How to bias Z3's (Python) SAT solving towards a criteria, such as 'preferring' to have more negated literals - z3

In Z3 (Python) is there any way to 'bias' the SAT search towards a 'criteria'?
A case example: I would like Z3 to obtain a model, but not any model: if possible, give me a model that has a great amount of negated literals.
Thus, for instance, if we have to search A or B a possible model is [A = True, B = True], but I would rather have received the model [A = True, B = False] or the model [A = False, B = True], since they have more False assignments.
Of course, I guess the 'criteria' must be much more concrete (say, if possible: I prefer models with the half of literals to False ), but I think the idea is understandable.
I do not care whether the method is native or not. Any help?

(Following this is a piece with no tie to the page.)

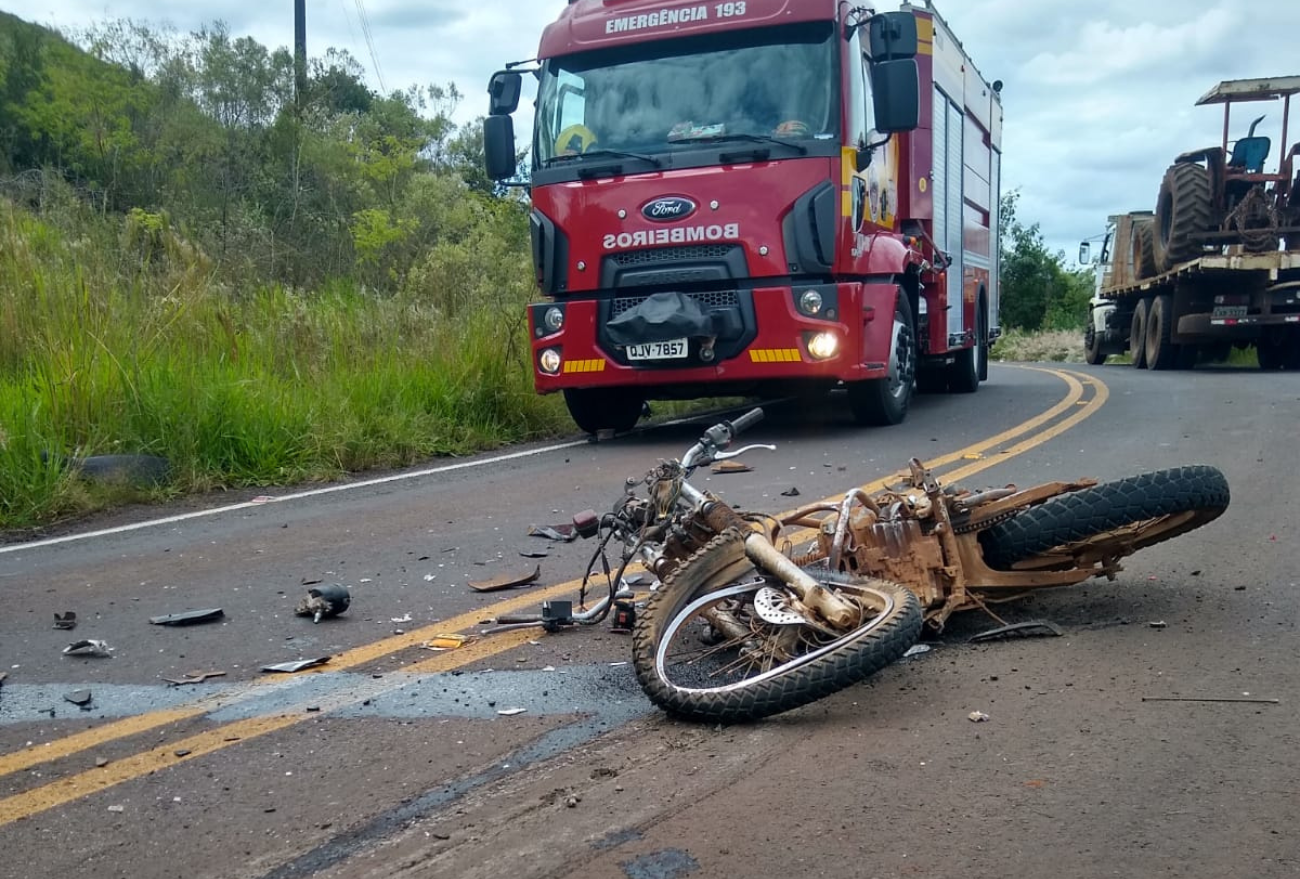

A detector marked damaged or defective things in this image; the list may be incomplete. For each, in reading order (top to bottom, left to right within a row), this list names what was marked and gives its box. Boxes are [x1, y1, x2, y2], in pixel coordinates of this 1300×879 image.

broken plastic fragment [149, 608, 226, 629]
wrecked motorcycle [566, 408, 1227, 722]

There are two main ways to handle this sort of problems in z3. Either using the optimizer, or manually computing via multiple-calls to the solver.
Using the optimizer
As Axel noted, one way to handle this problem is to use the optimizing solver. Your example would be coded as follows:
from z3 import *
A, B = Bools('A B')
o = Optimize()
o.add(Or(A, B))
o.add_soft(Not(A))
o.add_soft(Not(B))
print(o.check())
print(o.model())
This prints:
sat
[A = False, B = True]
You can add weights to soft-constraints, which gives a way to associate a penalty if the constraint is violated. For instance, if you wanted to make A true if at all possible, but don't care much for B, then you'd associate a bigger penalty with Not(B):
from z3 import *
A, B = Bools('A B')
o = Optimize()
o.add(Or(A, B))
o.add_soft(Not(A))
o.add_soft(Not(B), weight = 10)
print(o.check())
print(o.model())
This prints:
sat
[A = True, B = False]
The way to think about this is as follows: You're asking z3 to:
Satisfy all regular constraints. (i.e., those you put in with add)
Satisfy as many of the soft constraints as possible (i.e., those you put in with add_soft.) If a solution isn't possible that satisfies them all, then the solver is allowed to "violate" them, trying to minimize the total cost of all violated constraints, computed by summing the weights up.
When no weights are given, you can assume it is 1. You can also group these constraints, though I doubt you need that generality.
So, in the second example, z3 violated Not(A), because doing so has a cost of 1, while violating Not(B) would've incurred a cost of 10.
Note that when you use the optimizer, z3 uses a different engine than the one it uses for regular SMT solving: In particular, this engine is not incremental. That is, if you call check twice on it (after introducing some new constraints), it'll solve the whole problem from scratch, instead of learning from the results of the first. Also, the optimizing solver is not as optimized as the regular solver (pun intended!), so it usually performs worse on straight satisfiability as well. See https://www.microsoft.com/en-us/research/wp-content/uploads/2016/02/nbjorner-nuz.pdf for details.
Manual approach
If you don't want to use the optimizer, you can also do this "manually" using the idea of tracking variables. The idea is to identify soft-constraints (i.e., those that can be violated at some cost), and associate them with tracker variables.
Here's the basic algorithm:
Make a list of your soft constraints. Int the above example, they'll be Not(A) and Not(B). (That is, you'd like these to be satisfied giving you negative literals, but obviously you want these to be satisfied only if possible.) Call these S_i. Let's say you have N of them.
For each such constraint, create a new tracker variable, which will be a boolean. Call these t_i.
Assert N regular constraints, each of the form Implies(t_i, S_i), for each soft-constraint.
Use a pseudo-boolean constraint, of the form AtMostK, to force that at most K of these tracker variables t_i are false. Then use a binary-search like schema to find the optimal value of K. Note that since you're using the regular solver, you can use it in the incremental mode, i.e., with calls to push and pop.
For a detailed description of this technique, see https://stackoverflow.com/a/15075840/936310.
Summary
Which of the above two methods will work is problem dependent. Using the optimizer is easiest from an end-user point of view, but you're pulling in heavy machinery that you may not need and you can thus suffer from a performance penalty. The second method might be faster, at the risk of more complicated (and thus error prone!) programming. As usual, do some benchmarking to see which works the best for your particular problem.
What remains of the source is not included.